Claro, Jesus não quebrou um mandamento dado por Deus. No entanto, Ele quebrou a tradição contemporânea de guardar o shabat a qualquer custo. Notavelmente, os Evangelhos são a única fonte que temos no século I onde a cura é permitida e realizada no shabat. Na verdade, Jesus defende —talvez até mesmo estabeleça— a mesma abordagem que mais tarde, embora ligeiramente modificada, se tornará normativa no Judaísmo Rabínico. Quanto mais sabemos sobre o Judaísmo, mais interessante se torna essa dinâmica entre o ensino de Jesus e o Judaísmo do século I.
Doadores alegres
A ideia de dar voluntariamente e com alegria (incluindo esmola) é muito difundida no Judaísmo, e podemos encontrar sua expressão em diferentes textos Judaicos. No entanto, a primeira vez na Torá quando vemos pessoas doando de boa vontade e com alegria para o Senhor e sua causa, é a construção do tabernáculo. Lemos que os Israelitas no deserto foram inspirados por Deus e trouxeram suas ofertas com alegria: «todo homem, cujo coração o moveu e cujo espírito o impeliu, e trouxe a oferta ao Senhor».[4] O Novo Testamento continua a ver essa doação ao Senhor como um privilégio alegre e até mesmo um ato de adoração. Paulo exorta a comunidade dos Coríntios da Nova Aliança a serem «doadores alegres» assim como Deus exortou os Israelitas a serem doadores voluntários e generosos.
Cheio do Espírito
Nas porções anteriores, vimos «Eis que o Senhor chamou pelo nome a Bezalél, filho de Uri, filho de Hur, da tribo de Judá» e «ele o encheu do espírito divino»,[5] dando-lhe sabedoria, entendimento e conhecimento. Sabemos também que a ideia de ser «cheio do Espírito de Deus» é desenvolvida no Novo Testamento por Paulo; de acordo com Paulo, o Espírito poderia e deveria ser manifestado em cada pessoa.[6] No entanto, e quanto ao próprio Paulo? Ele foi chamado por Deus e cheio do espírito? Aqui, realmente vemos a continuidade entre o Novo Testamento e a Torá. De acordo com o Novo Testamento, antes de Paulo se tornar servo de Jesus —e para que ele se tornasse seu servo— primeiro Jesus teve que escolher o próprio Paulo e enchê-lo com o espírito, equipando-o assim espiritualmente, exatamente como Deus escolheu Bezalél, enchendo-o com o espírito e capacitando-o para um serviço especial a Deus. «Então Ananias foi e, entrando na casa, impôs sobre ele as mãos dizendo: “Saulo, irmão, o Senhor me enviou, a saber, o próprio Jesus, que te apareceu no caminho por onde vinhas, para que recuperes a vista e fiques cheio do Espírito Santo”».[7] Assim, o Novo Testamento continua com o mesmo padrão que é aparente na Torá: para servir a Deus, é preciso primeiro estar cheio do Espírito de Deus.

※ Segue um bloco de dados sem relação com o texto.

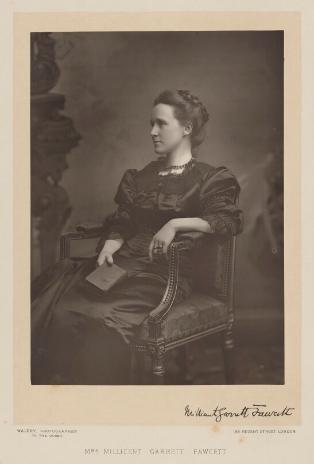 Dame Millicent Fawcett by Walery, carbon print, published September 1889, NPG Ax38301, © National Portrait Gallery, London. [Creative Commons CC BY-NC-ND 3.0]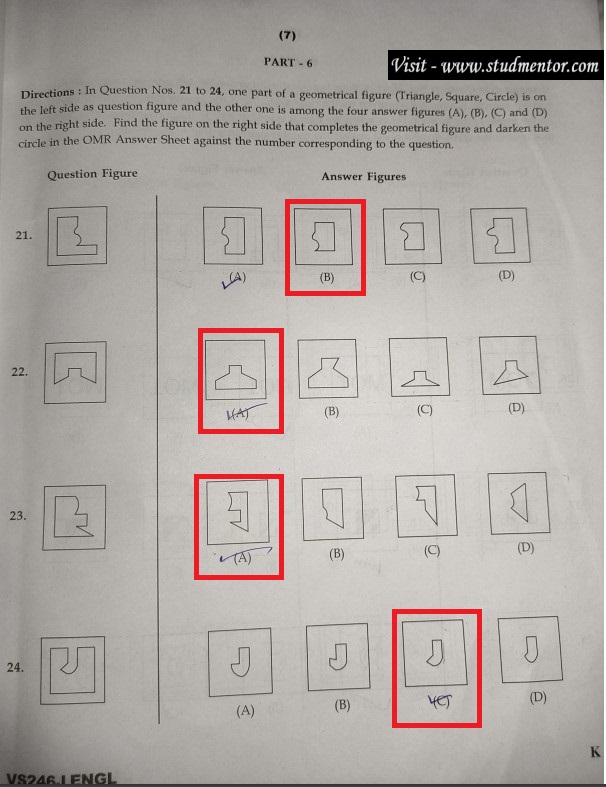 Navodaya Class 6 English Paper Solution (20.01.2024) Page no. 7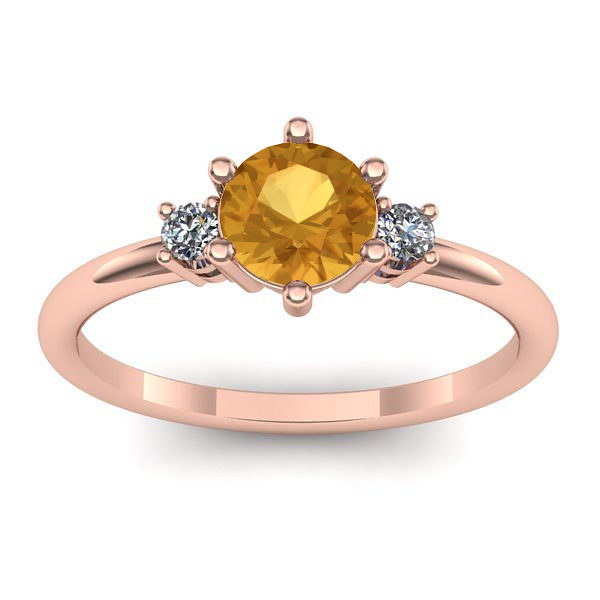 Inel logodna cu citrin rotund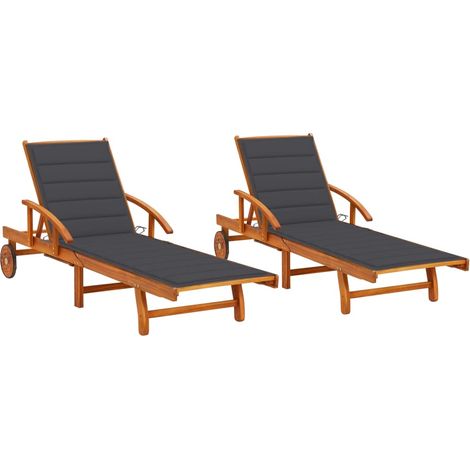 Sonnenliegen 2 Stk. mit Auflagen Massivholz Akazie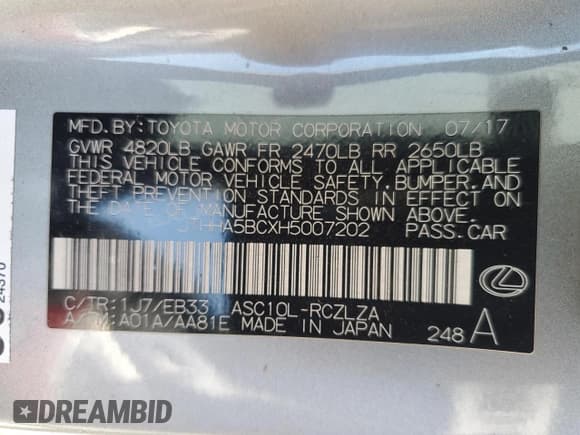 ✅ 2017 Lexus RC 200t • VIN: JTHHA5BCXH5007202 • Lot: 80109075. Listed on Copart with 113,892 mi. Free auction sales archive from the USA and detailed vehicle history report at DreamBid. Image 12.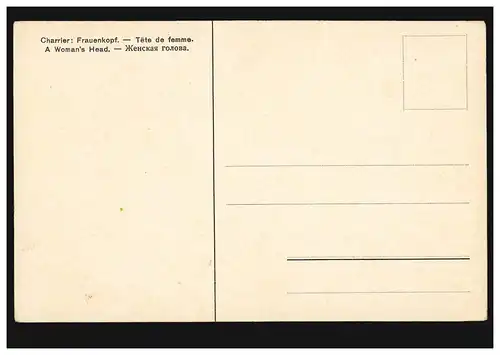 Künstler-AK Charrier: Frauenkopf, ungebraucht
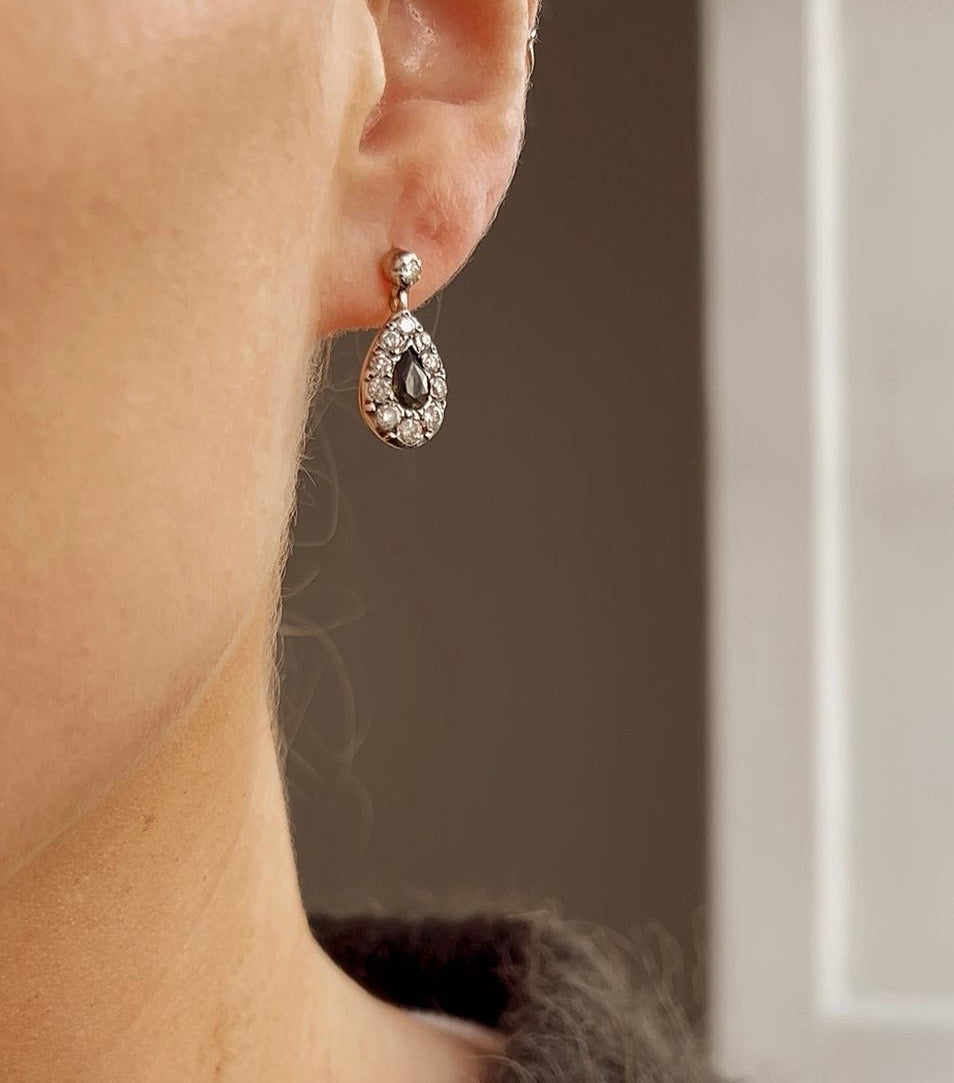 Stunning Modern Green Tourmaline and Diamond Drop Earrings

O altar de incenso na história de Jesus
Surpreendentemente, há outro detalhe desta porção que entrou no Novo Testamento; tem a ver com o culto Judaico. Lemos a descrição do altar do incenso: «Fez de madeira de acácia o altar do incenso, tinha um côvado de comprimento, e um de largura; era quadrado e dois de altura; os chifres formavam uma só peça com ele».[8] Encontramos este altar no Novo Testamento? A maioria dos Cristãos provavelmente responderia negativamente a essa pergunta e, ainda assim, o leitor atento não perderá os diferentes detalhes do culto Judaico mencionados pelo Novo Testamento. Assim, no primeiro capítulo do Evangelho de Lucas, lemos sobre Zacarias:
«Ora, aconteceu que exercendo ele diante de Deus o sacerdócio na ordem do seu turno, coube-lhe por sorte, segundo o costume sacerdotal, entrar no santuário do Senhor para queimar o incenso; e durante esse tempo, toda a multidão do povo permanecia da parte de fora, orando. E eis que lhe apareceu um anjo do Senhor, em pé, à direita do altar do incenso».[9]
[1] Êxodo 35:1-2.
[2] Marcos 3:1-6.
[3] Lucas 13:14.
[4] Êxodo 35:21.
[5] Êxodo 35:30-31.
[6] 1 Corintios 12:7-11.
[7] Atos 9:17.
[8] Êxodo 37:25.
[9] Lucas 1:8-11.
[10] The Jewish Annotated New Testament (p. 2). Oxford University Press. Kindle Edition.